■ What is needed
Could you copy exactly the lines below, beginning at the line with "KingBank Computer Desktop" and stopping after the line with "Silicone Rainbow Large", with no pictures?

■ Supplied material
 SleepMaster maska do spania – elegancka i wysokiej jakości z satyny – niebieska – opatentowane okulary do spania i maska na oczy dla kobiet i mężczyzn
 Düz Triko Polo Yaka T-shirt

---

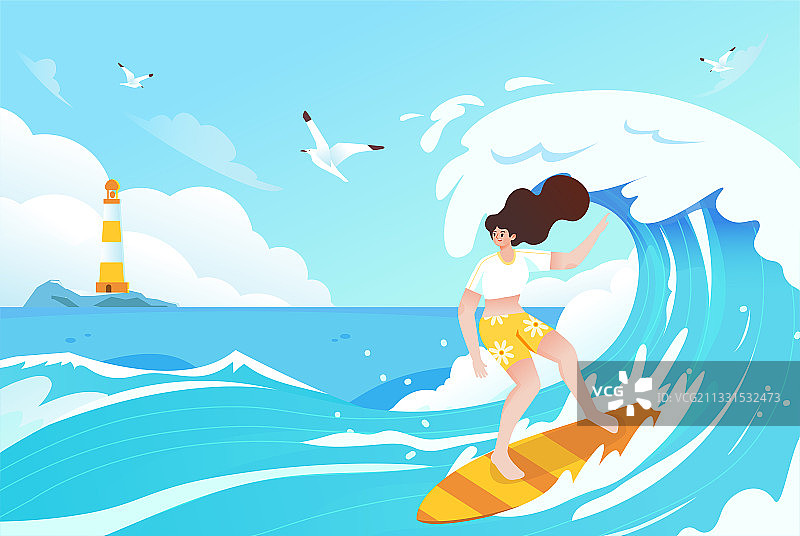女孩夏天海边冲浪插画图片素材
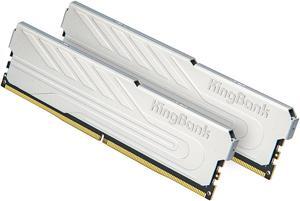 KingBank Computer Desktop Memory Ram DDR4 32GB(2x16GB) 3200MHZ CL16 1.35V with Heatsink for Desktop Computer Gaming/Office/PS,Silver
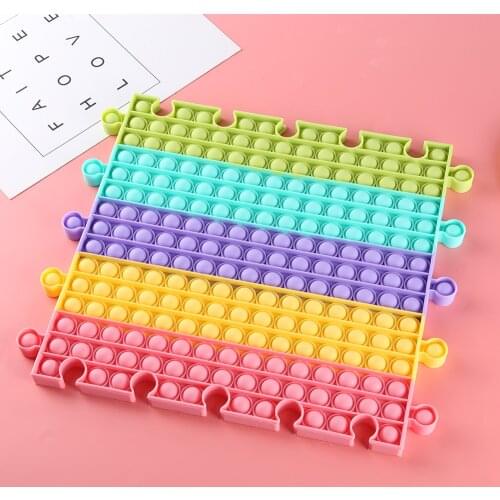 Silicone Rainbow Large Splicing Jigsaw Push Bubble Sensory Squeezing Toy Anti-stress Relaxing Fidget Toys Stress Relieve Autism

■ The completed task
 KingBank Computer Desktop Memory Ram DDR4 32GB(2x16GB) 3200MHZ CL16 1.35V with Heatsink for Desktop Computer Gaming/Office/PS,Silver
 Silicone Rainbow Large Splicing Jigsaw Push Bubble Sensory Squeezing Toy Anti-stress Relaxing Fidget Toys Stress Relieve Autism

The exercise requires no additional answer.